Scientists in Australia and the United States have launched an ambitious multimillion-dollar project to bring back thylacine, a marsupial that became extinct nearly a century ago, according to a report in Independent. The researchers plan to reintroduce the animal to its native Tasmania. The effort is being led by an organisation that specialises in "breakthrough genetic engineering" and describes itself as a "de-extinction company", the outlet further said in its report. The animal is popularly known as the 'Tasmanian tiger' or 'Tasmanian wolf'.
The company says that bringing back the marsupial will again balance the broader Australian ecosystem, which has suffered biodiversity loss and degradation since the predator disappeared, the Independent report further said.
Financial Times said that thylacine could be reintroduced into the wild within a decade. The last Tasmanian tiger died in a zoo in 1936, the outlet further said.

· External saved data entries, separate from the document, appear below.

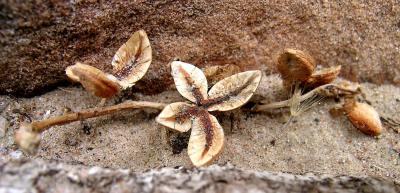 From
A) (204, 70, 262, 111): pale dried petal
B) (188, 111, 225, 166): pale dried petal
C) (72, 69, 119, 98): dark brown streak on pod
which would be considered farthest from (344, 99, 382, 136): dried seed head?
(72, 69, 119, 98): dark brown streak on pod

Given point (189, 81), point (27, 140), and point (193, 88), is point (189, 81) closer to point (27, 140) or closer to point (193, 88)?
point (193, 88)

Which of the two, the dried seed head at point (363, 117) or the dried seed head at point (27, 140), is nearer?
the dried seed head at point (27, 140)

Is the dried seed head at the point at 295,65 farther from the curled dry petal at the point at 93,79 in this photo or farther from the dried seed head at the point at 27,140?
the dried seed head at the point at 27,140

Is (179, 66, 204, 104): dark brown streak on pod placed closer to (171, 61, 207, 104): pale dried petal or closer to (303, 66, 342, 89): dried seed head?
(171, 61, 207, 104): pale dried petal

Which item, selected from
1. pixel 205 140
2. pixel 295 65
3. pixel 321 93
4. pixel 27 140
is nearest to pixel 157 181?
pixel 205 140

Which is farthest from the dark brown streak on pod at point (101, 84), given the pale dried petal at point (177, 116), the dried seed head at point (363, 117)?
the dried seed head at point (363, 117)

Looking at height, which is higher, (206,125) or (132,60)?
(132,60) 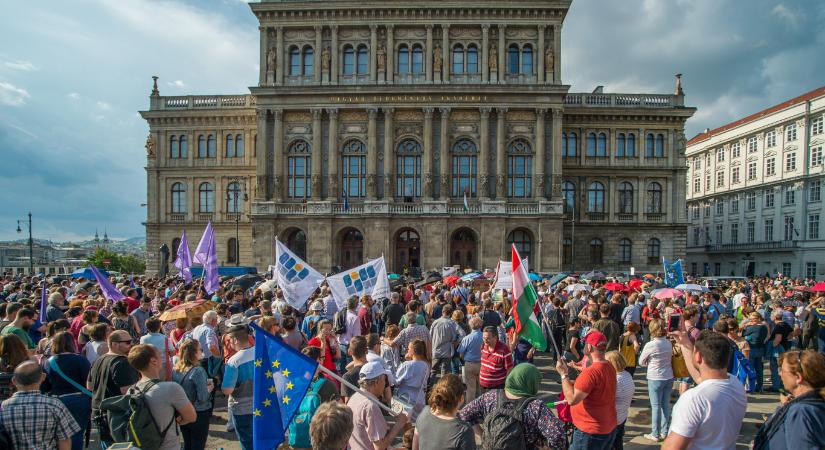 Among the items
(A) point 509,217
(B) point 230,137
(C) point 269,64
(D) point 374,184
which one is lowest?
(A) point 509,217

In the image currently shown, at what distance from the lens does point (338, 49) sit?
41156mm

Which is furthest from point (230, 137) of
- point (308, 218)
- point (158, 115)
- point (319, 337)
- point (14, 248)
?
point (14, 248)

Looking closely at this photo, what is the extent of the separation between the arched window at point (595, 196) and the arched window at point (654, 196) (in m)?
4.15

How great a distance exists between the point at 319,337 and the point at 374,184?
31.3 metres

Its population suffered a rapid decline due to the local government, which announced a reward on its killing to protect the sheep.
However, locals have claimed of seeing the animal many times in the wild, spawning hopes that it somehow survived. "It's like our Loch Ness monster," Andrew Pask, a professor and evolutionary biologist at the University of Melbourne, was quoted as saying by the Times. The researcher runs the Thylacine Integrated Genetic Restoration Research - or TIGRR - Lab, which has recreated the thylacine genome.
Explaining the process, The Guardian said in a report that scientists have taken stem cells from a living species with similar DNA, the fat-tailed dunnart, and turned it into thylacine cells using gene editing expertise they have acquired over the decades.
Now, the company is taking help of the new marsupial-specific assisted reproductive technologies will be needed to use the stem cells to make an embryo, the outlet further said.
Thylacine was a dog-like creature with stripes across its back.